Thoughts on the auction of "Historic Cards and Games from the Collection of Stuart R. and Marilyn Kaplan"
For several years, Stuart R. Kaplan has declared publicly that he did not intend to donate his huge collection of playing- and tarot decks etc. to any museum, institute or university, where the items were stored away and only with difficulty would be accessible to the public. He rather wanted the items circulated to new collectors, who could enjoy and care for them. I did not entirely agree with this intention, since I considered that the real value of a collection of this size, was not in the single objects only, but in the degree of near-completeness. A completeness, it had reached due to the creator's year long enthusiasm, efforts and expenditures. We have, however, lately seen the problem in donating a collection to an institution actualized with the United States Playing Card Company's collection, which can't find a home, unless it is accompanied with a large sum of money to pay for its future preservation. Public money for cultural activities is sparse in these days, so we have to get rid of our collections in other ways..

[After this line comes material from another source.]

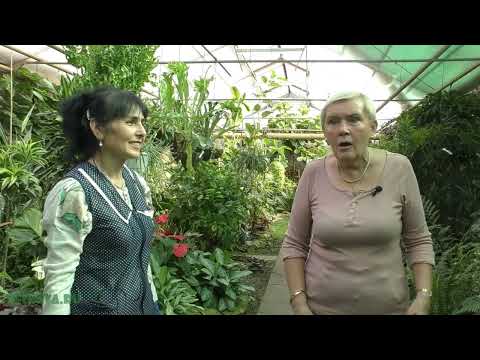 Сингониум крупнолистный (посадка черенка)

Now Mr. Kaplan is circulating the decks, which were the backbone of his collection. He has actually done that for a while. The recent auction was not the first and for a period, a number of decks were also offered for sale on e-bay. What used to be one of the world's largest collections of tarot decks - maybe the largest - is no longer and can never be recreated. What is left for posterity are Mr. Kaplan's four volumes "Encyclopedia of Tarot", a couple of other books and catalogues and now also the large 300 pages elaborate colour illustrated catalogue from the recent auction at Christie's which, I believe, was sent free to all IPCS-members.

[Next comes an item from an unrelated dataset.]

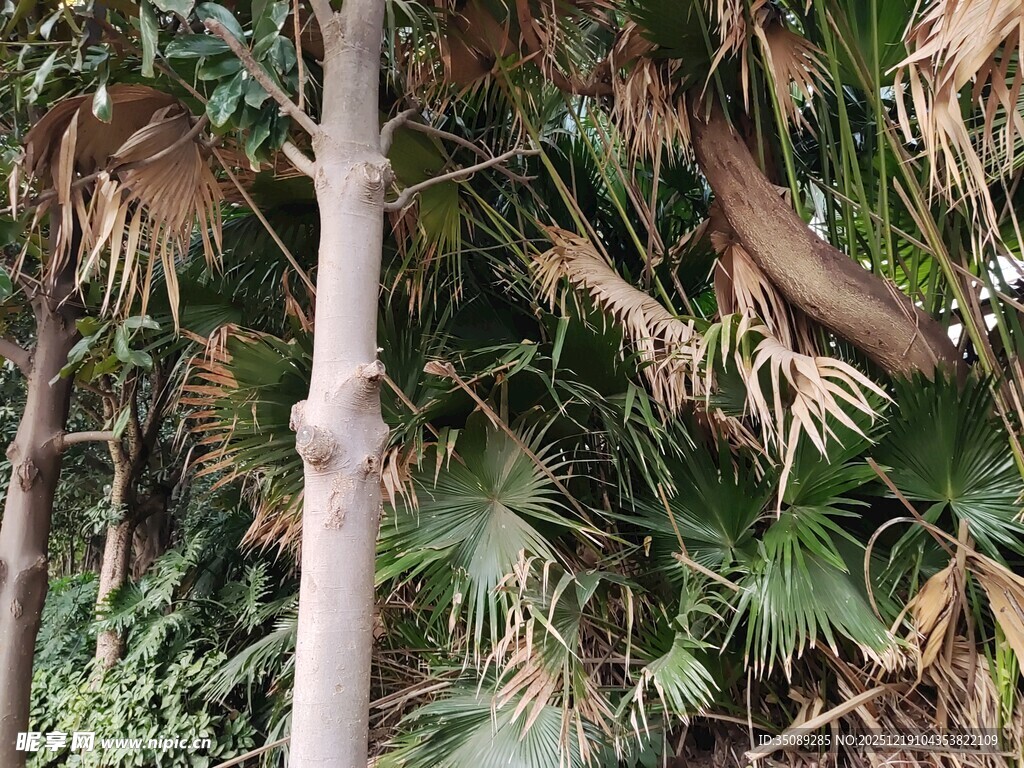 干枯棕榈树与周边绿植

I see a problem with large auctions like this. How many collectors are there who, for example, at the same time want to buy - and have the means for it - a Napoleonic War Bone Box for a price of 2-3000$ or more? Out of the 20 listed items of this sort, only nine were sold. It could be interesting to know who the buyers were; not their names but their nationality and whether they were an institution or a private collector. I am, however, afraid that this is a secret reserved for the auction house and, maybe, Mr. Kaplan himself. Out of the 480 lots, 291 were sold. 124 of them for less than the minimum valuation. About 150 lots were tarot- and cartomantic decks. About 50 of these being French suited tarots (22 sold); the other 100 being Italian suited decks, esoteric packs and cartomantic decks. About 50% of this group was sold. The rest of the sale was literature, playing cards, games and implements, like boxes and trump indicators (!)

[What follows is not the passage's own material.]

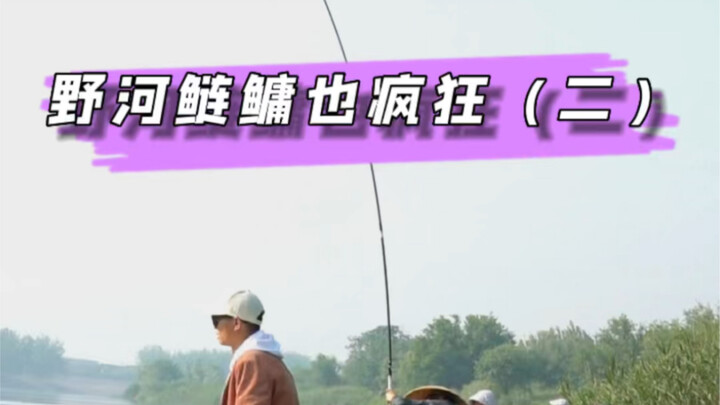Wild river silver carp and bighead carp are going wild—today’s target is 250 jin; let’s see if we ca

All this leaves 189 items from the auction still in Mr. Kaplan's possession. The auction took, of course, the top pieces away; the unsold items will likely be a lot more difficult to circulate, unless they are offered for prices considerable lower than the catalogue valution. The sold items came to US$ 412.000 totally. From this amount, the cost of the auction house has to be de
ducted. Buyers premium of 20% and whatever else costs there may be, reducing Mr. Kaplan's proceeds to $300.000-350.000. Is this a satisfying amount for Mr. Kaplan? For this amount, you have to be lucky to buy a two- or three room apartment in a small Danish town (50.000 inhabitants), like where I live.
The growing interest for esoteric tarot has created a new and different group of tarot collectors; mainly American women, who for a period are collecting very actively and who are willing to pay high prices for what they feel is needed in their collection. In many cases it is, however, a passing passion; after a couple of years they loose interest, a new husband is found or a grandchild is born. The collection is sold again for less what what they paid for it, or simply given away.
Whether we like it or not, serious collectors are a declining race. Not only playing card collectors, but all sorts of collectors. Young people live their lives through their computers and mobile phones; they live in small apartments, which do not allow space for even a modest collection, and it is rather unlikely that they later turn to collecting, unless considerable cultural and social upheavals happens in the future. The present collectors are growing old, they do no longer add to their collection and many of them want to dispose of it. But who are the buyers?